*Task prompt*.
The task calls for the line containing "Flamigo Embroidered Placemats - Set of 2" and all later lines, through the end of the entries below, to be set down exactly and without pictures.

*Input records*.
-- Opening Marker --

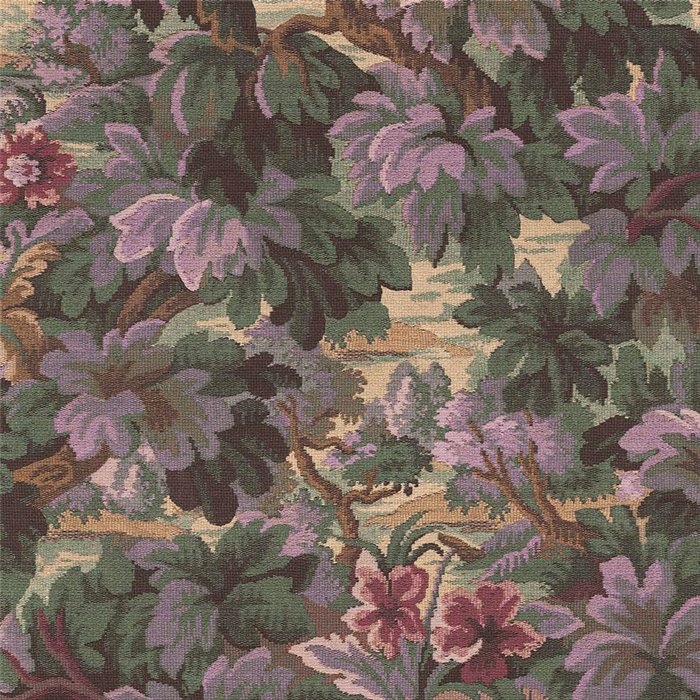 papel pintado romántico de hojas y flores en tonos verde y morado · Eijffinger Magnifique 351244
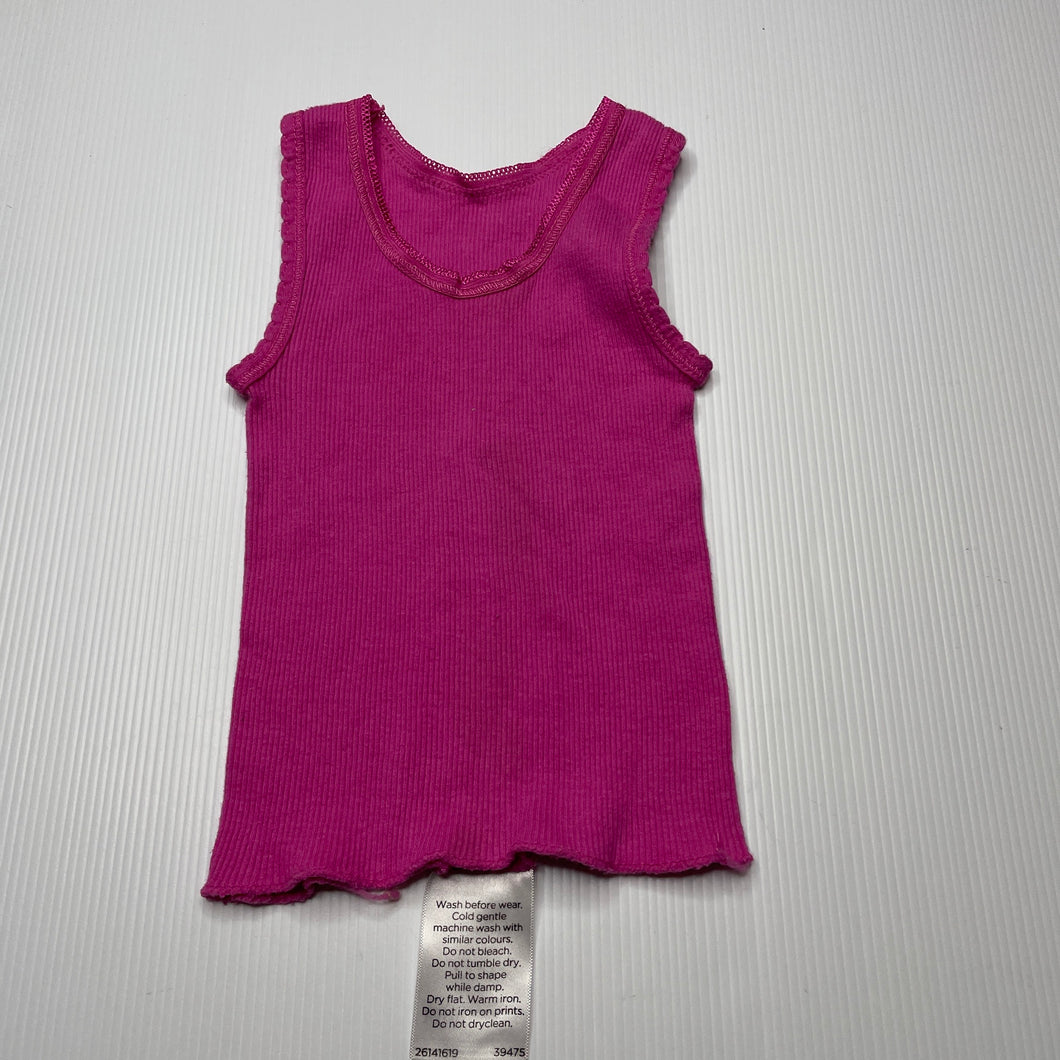 Girls Higgledee, pink ribbed cotton singlet top, GUC, size 000,  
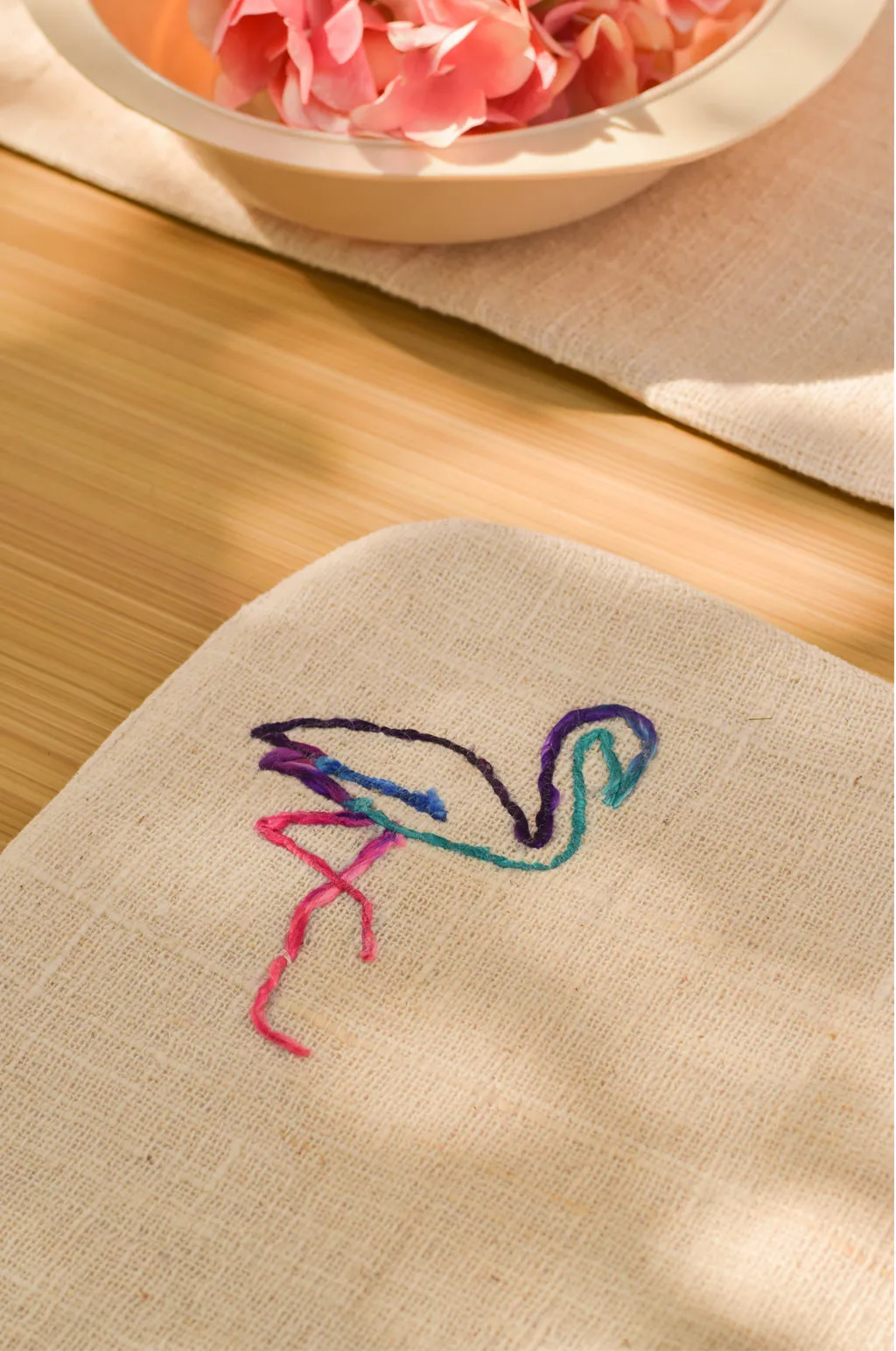 Flamigo Embroidered Placemats - Set of 2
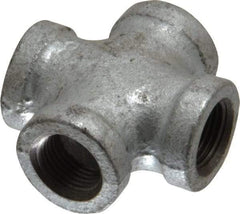 B&K Mueller - Class 150, 3/8" Galvanized Pipe Cross - Threaded, Malleable Iron - Industrial Tool & Supply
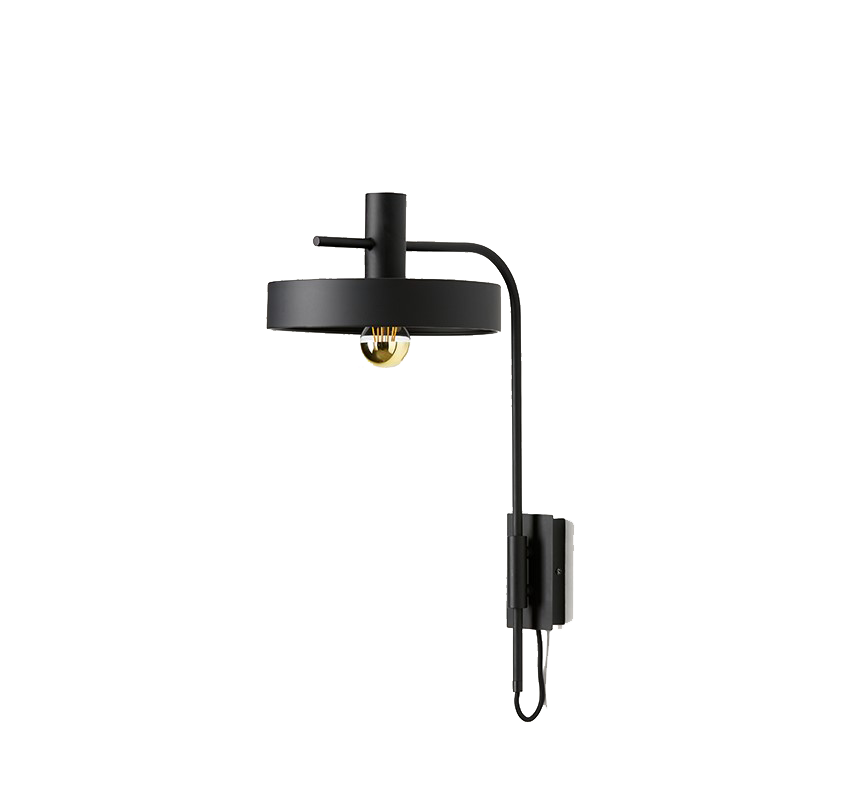 Aplique de pared metálico negro mate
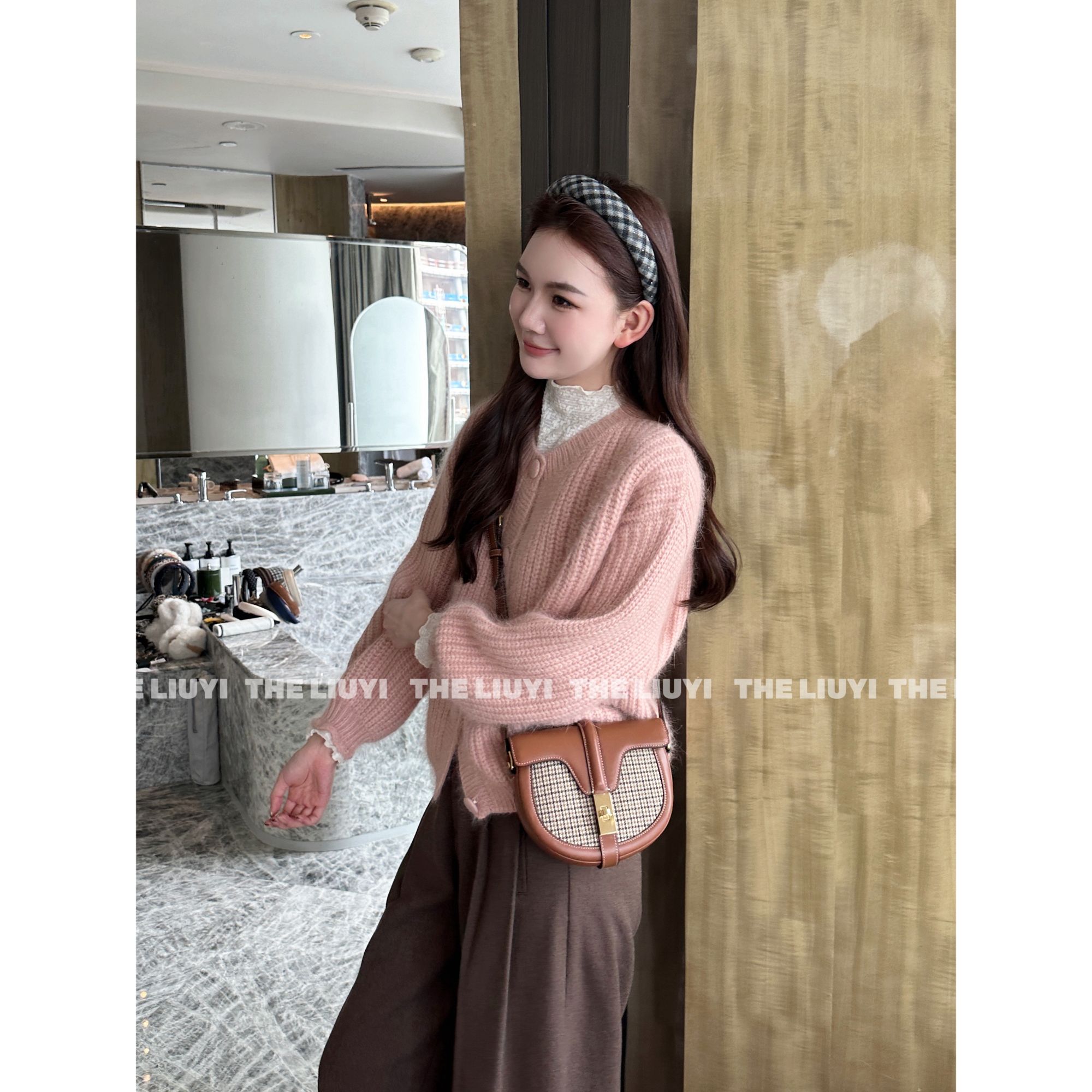 【LIUYI】云柔毛衣~秋冬兔毛混纺韩系加厚软糯毛衣开衫外套59251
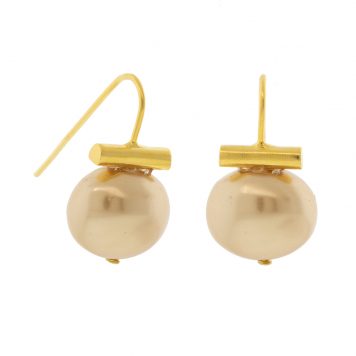 Catherine Canino: Polished 14k Gold Over Brass Baby Pebble Pearl Earring ,TAUPE, 13/16" x 1/2"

-- Closing Marker --

*Exercise output*.
 Flamigo Embroidered Placemats - Set of 2
 B&K Mueller - Class 150, 3/8" Galvanized Pipe Cross - Threaded, Malleable Iron - Industrial Tool & Supply
 Aplique de pared metálico negro mate
 【LIUYI】云柔毛衣~秋冬兔毛混纺韩系加厚软糯毛衣开衫外套59251
 Catherine Canino: Polished 14k Gold Over Brass Baby Pebble Pearl Earring ,TAUPE, 13/16" x 1/2"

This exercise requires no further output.